It was later expanded to also cover probe order and make sure a supplier would probe before its consumer, effectively making EPROBE_DEFER obsolete.
The second part is still fairly new, but I think we can solve this by adding a device link between the DSI host and whatever is at the end of the OF-Graph endpoint.
As a follow on, bridge devices can support burst mode (eg TI's SN65DSI83 that's just been merged), so it needs to know the desired panel timings for the output side of the bridge, but the DSI link timings to set up the bridge's PLL. What's the correct way for signalling that? drm_crtc_state->adjusted_mode vs drm_crtc_state->mode? Except mode is userspace's request, not what has been validated/updated by the panel/bridge.
adjusted_mode is also a bit of a hack, it solves very specific issues, and its design assumes a single encoder in the chain with no extra bridges. We should instead add modes to the bridge state, and negotiate modes along the pipeline the same way we negotiate formats.
So as I understand it we already have format negotiation between bridges via atomic_get_output_bus_fmts and atomic_get_input_bus_fmts, so is it possible to extend that to modes? Are you thinking bridge state that is owned by the framework, or by the individual bridge drivers?
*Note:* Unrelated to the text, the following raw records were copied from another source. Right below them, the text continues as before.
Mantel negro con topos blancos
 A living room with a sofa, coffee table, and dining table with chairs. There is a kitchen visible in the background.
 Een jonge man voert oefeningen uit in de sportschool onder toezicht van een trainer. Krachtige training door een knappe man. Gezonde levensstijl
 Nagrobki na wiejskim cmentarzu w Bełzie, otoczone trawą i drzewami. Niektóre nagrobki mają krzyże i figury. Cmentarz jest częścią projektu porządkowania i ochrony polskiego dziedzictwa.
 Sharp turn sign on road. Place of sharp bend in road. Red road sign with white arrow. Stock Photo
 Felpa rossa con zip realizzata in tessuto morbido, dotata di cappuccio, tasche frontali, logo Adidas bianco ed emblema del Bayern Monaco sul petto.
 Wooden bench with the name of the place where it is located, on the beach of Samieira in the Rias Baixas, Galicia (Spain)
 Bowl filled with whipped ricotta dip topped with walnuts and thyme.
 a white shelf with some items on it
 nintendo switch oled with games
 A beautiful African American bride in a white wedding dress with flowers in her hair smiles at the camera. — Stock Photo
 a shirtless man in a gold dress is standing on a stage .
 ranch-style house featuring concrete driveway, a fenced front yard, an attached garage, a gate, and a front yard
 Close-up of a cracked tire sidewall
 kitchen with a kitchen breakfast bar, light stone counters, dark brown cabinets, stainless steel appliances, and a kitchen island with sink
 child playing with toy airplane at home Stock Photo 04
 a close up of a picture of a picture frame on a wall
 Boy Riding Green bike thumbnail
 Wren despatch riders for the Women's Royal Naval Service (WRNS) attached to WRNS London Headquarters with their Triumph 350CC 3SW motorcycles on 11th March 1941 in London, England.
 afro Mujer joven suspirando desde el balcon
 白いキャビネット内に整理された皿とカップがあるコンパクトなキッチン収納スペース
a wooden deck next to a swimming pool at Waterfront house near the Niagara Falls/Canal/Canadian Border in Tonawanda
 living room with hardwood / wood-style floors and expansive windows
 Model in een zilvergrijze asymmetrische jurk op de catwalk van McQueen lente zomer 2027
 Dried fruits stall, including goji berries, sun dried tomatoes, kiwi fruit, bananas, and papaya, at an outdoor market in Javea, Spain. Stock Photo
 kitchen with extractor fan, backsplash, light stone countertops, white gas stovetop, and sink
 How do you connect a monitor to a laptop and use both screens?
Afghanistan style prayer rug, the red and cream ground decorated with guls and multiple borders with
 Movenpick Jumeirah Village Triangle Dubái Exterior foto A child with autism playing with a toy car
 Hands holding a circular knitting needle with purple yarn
atomic_check is made for that. I guess we could improve its call sequence to each time a mode is modified along the bridge list we restart the sequence until all components agree (or reject it entirely if they can't), but I don't really see why we would need yet another hook.
Why do all nodes in the bridge list need to agree? Adjacent nodes need to agree, but they then also need to retain that agreed timing somewhere.
We might have mutually exclusive requirements though? Let's use the example of the VC4 HDMI driver that can't have odd horizontal timings, and assume it's a constraint of our DSI driver instead.
Then, we have a DSI->LVDS bridge, a LVDS->RGB bridge and a panel (which is a bit ridiculous, but whatever). If the LVDS->RGB bridge can't have even horizontal timings, then you just can't display it, even though they are not adjacent (unless the bridge in the middle can modify the timings between the input and output, but that's not always possible).
Similarly, if for the RGB panel we need to increase a bit some timings to accommodate for a larger pixel clock and end up above what the DSI host can provide, we're also done.
Taking SN65DSI8[3|4|5] as an example, it supports burst mode, and the DSI frequency and timings are permitted to be different from that which it uses on the LVDS side. The LVDS panel and LVDS side of DSI83 need to agree over the format, and the DSI host and DSI side of DSI83 need to agree, but they may be two different timings. Register 0x0B (DSI_CLK_DIVIDER & REFCLK_MULTIPLIER) allows you to configure the LVDS rate compared to the DSI rate (the driver currently goes for 1:1), and registers 0x20 to 0x34 allow you to set the number of active pixel and blanking on the LVDS side (again currently just copied across).
The way I'm seeing burst mode as having been interpreted at present is that it's largely just a flag to say "drop to LP mode between lines". The timing that needs to be passed to the crtc is therefore going to be based on the DSI link rate (converted to pixels) with increased blanking periods.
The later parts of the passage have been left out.